Woodland Opera House puts the farce in France

A Flea in Her Ear

“Why haven’t you given in to the silliness already?”

“Why haven’t you given in to the silliness already?”

Photo courtesy of Woodland Opera House

A Flea in Her Ear; 7:30 p.m. Friday and 2 p.m. Saturday; $7-$25. Woodland Opera House, 340 Second Street in Woodland; (530) 666-9617; www.woodlandoperahouse.org. Through March 8.

Rated 4.0

Here’s a fun vintage French pairing for Sacramentans, highlighting Paris at the turn of the 20th century: For the main course, a viewing of Toulouse-Lautrec and La Vie Moderne: Paris at the Crocker Art Museum—which highlights the City of Light during the years 1880-1910—followed by a light, fluffy, nonsensical dessert of A Flea in Her Ear at the Woodland Opera House, written and set in 1907 Paris.

A Flea in Her Ear is a quintessential French farce, so don’t expect the plot to make any sense, the characters to be believable or the dialogue to ring true. Don’t try and figure out the story of a wife who tries to test her faithful husband with a fake lover’s note, a best friend who’s married to a passionate Spaniard dressed as a matador, a cousin with a speech impediment, a hotel that caters to secret rendezvous, and other madcap characters and silly hijinks. It’s a hopeless and maddening endeavor.

Rather, just give yourself in to the silliness. That’s what the Woodland Opera House does with good results: presenting the slapstick comedy with a cast of local favorites who bring their A-game with hokey humor, sly mugging, silly antics, slamming doors, double takes and even running amok through the audience.

The main male characters include familiar local stage actors with years of experience: Steve Mackay, Roger McDonald, Gil Sebastian and relative newcomer Gabe Avila. And the women who bring a comedic charm include Analise Langford-Clark and Kirsten Meyers.

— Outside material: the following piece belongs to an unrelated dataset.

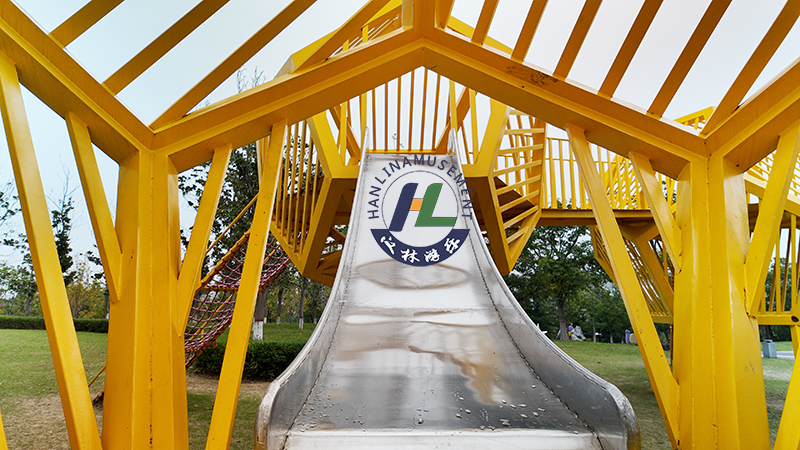 滑梯.jpg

This is a cast committed to the goal of entertaining the audience, even if it means tackling a kooky script, crazy antics and a story written in 1907 sans modern cultural sensibilities, and which drags on just a tad bit too long. But for most of the ride, it’s a hoot and a holler, complete with fun haute couture costumes and a clever Parisian parlor and hotel set.